··· EXERCISE DATA

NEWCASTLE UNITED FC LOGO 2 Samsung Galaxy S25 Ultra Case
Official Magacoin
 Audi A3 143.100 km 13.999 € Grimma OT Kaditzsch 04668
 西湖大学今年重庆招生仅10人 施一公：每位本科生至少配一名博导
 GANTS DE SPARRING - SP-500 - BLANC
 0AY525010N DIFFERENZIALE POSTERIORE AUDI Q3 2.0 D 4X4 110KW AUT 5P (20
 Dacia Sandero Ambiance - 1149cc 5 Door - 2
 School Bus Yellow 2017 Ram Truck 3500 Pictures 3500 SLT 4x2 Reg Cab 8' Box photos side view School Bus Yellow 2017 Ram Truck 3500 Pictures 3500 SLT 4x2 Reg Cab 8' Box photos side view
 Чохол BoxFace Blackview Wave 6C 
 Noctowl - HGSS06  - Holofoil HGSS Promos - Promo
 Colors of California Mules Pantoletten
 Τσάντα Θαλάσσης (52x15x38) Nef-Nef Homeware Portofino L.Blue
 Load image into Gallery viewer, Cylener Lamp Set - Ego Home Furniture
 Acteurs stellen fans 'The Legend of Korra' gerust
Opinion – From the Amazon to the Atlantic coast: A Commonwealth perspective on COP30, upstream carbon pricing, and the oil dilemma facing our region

······

WHAT TO PRODUCE - Write out exactly the lines starting with the one that holds "Τσάντα Θαλάσσης (52x15x38)" and running through the last line above.

SOLUTION -
 Τσάντα Θαλάσσης (52x15x38) Nef-Nef Homeware Portofino L.Blue
 Load image into Gallery viewer, Cylener Lamp Set - Ego Home Furniture
 Acteurs stellen fans 'The Legend of Korra' gerust
Opinion – From the Amazon to the Atlantic coast: A Commonwealth perspective on COP30, upstream carbon pricing, and the oil dilemma facing our region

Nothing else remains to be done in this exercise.